A few Mondays ago, I got a call from a young team member. “I won’t be coming in today. Rough night,” she said. “Are you unwell?” I asked. “Sort of. Hangover,” she said.
There was no drama, no guilt. Just an easy honesty I wasn’t used to. And I remember sitting there recalling how my twenty-something self would’ve crawled to work, clutching a coffee like a badge of honour.
That call stayed with me. A small moment of honesty that said so much about how work feels different today. A new grammar of ambition that no longer glorifies suffering.
It made me realise that the workplace today is really where cultures collide. Where three generations, Gen X, Millennials, and Gen Z, show up every morning, carrying different memories of what work is supposed to mean.
The result? A creative field buzzing with ideas, but also brimming with misunderstandings.
Gen X: The builders
For Gen X, work is structured. They grew up in an era when opportunities were scarce and competition was a matter of survival. You showed up, you stayed late, you proved worth. Ambition meant endurance.
They built the ladders, the processes, the rituals of professionalism. So, when they see younger teams frogging (jumping jobs) or ghosting (disappearing), it feels personal, like the rules of gravity have changed. But their steadiness, their bias for commitment, is the scaffolding many agencies still stand on.
Millennials: The straddlers
Millennials inherited that scaffolding and then watched it shake.

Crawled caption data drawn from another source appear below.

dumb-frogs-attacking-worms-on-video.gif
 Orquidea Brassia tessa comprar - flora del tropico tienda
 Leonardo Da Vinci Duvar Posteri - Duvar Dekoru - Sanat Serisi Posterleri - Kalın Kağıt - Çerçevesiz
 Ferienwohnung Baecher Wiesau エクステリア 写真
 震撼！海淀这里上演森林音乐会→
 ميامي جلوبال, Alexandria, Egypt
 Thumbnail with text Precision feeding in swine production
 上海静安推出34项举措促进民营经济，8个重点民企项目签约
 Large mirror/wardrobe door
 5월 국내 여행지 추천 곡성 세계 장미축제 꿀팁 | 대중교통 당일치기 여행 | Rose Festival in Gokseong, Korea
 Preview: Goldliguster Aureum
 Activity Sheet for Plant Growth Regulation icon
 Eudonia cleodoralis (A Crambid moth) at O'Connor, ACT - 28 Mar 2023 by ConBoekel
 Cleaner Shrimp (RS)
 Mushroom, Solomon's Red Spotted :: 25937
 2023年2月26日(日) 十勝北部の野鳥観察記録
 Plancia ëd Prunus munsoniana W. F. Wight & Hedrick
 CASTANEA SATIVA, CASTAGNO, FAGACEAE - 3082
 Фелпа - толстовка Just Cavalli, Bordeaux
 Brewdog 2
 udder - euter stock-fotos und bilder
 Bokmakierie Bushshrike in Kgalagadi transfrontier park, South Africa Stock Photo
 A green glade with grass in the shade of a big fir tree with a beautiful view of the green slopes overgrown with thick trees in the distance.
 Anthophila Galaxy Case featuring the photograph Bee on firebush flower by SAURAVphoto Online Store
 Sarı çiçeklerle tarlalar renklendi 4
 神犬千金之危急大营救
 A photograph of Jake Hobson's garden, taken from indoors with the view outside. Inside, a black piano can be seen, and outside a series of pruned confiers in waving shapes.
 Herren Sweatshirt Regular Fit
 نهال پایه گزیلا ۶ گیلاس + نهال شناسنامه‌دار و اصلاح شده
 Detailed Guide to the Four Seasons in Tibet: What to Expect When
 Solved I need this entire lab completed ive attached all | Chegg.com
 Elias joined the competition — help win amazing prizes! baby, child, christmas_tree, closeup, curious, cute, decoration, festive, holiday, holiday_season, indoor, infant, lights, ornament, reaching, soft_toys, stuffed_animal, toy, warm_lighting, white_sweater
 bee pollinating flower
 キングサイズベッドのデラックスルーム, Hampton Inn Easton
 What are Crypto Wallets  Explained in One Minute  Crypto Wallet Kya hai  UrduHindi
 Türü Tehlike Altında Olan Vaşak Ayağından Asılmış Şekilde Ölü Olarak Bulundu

They entered the workforce in a globalising, digitalising, hyper-competitive India where passion was currency. ‘Do what you love’ was the mantra, but ‘do it all’ became the mandate.
They became experts in adapting: fluent in Gen X discipline, yet alert to Gen Z freedom. Yet they’re also the most exhausted, toggling between KPIs and self-care reels. They are the translators in the middle, often trying to explain one generation to another, while quietly renegotiating their own burnout.
Gen Z: The rewriters
For Gen Z, ambition is best described as modular. A job is not a marriage; it’s a project. They choose alignment over allegiance, wellness over worship. Their vocabulary -- ghosting, benching, revenge quitting -- may sound flippant, but it’s really emotional shorthand for autonomy.
They’re discerning. They want feedback, not follow-up; belonging, not bonding exercises. And they have no patience for performative hustle because they’ve seen what it costs. When they say no, it’s not rejection; it’s recalibration.
Three ambitions, one office
In agencies, which by nature are creative, chaotic and deeply human, these worlds often collide. Gen X values stability; they see work as a calling. Millennials chase meaning, approaching work as an identity. And the youngest, Gen Z seeks balance and work is just one piece of life. None are wrong; they’re just shaped by different economies, technologies, and truths.
The challenge for agency leaders then is to design spaces where these ambitions can coexist.
If you lead teams spanning three decades, here’s a practical lens, a generational coexistence checklist, if you will, to build workplaces that flex.
- Revisit the rules, not the values Keep the integrity of deadlines, but question rituals that no longer serve. Is staying late really passion or just a pattern?
- Design for dialogue, not monologue Replace townhalls with roundtables. Let Gen Z question, millennials co-create, and Gen X contextualise. Ambition today is collaborative, not command-driven.
- Reward outcome, not optics Don’t conflate long hours with loyalty. Measure creativity, ownership, and contribution — not chair time.
- Mentor across, not just down Pair Gen X’s experience with Gen Z’s experimentation. Millennials can be cultural interpreters in the middle.
- Normalise fluid growth A zigzag career isn’t instability; it’s curiosity. Offer lateral moves, passion projects, and sabbaticals.
- Name the friction Don’t tiptoe around generational tension. Surface it. Decode it. Let each group explain their ‘why’. Understanding begins with articulation.
Let’s face it. The future workplace is both hybrid in format and in atmosphere. A place where ambition isn’t one-size-fits-all, but one-size-fits-now.
While hustle built the industry, hesitation is humanising it and somewhere in between lies the real work: learning to listen across generations. If agencies can master that, they won’t just retain talent; they will also attract it.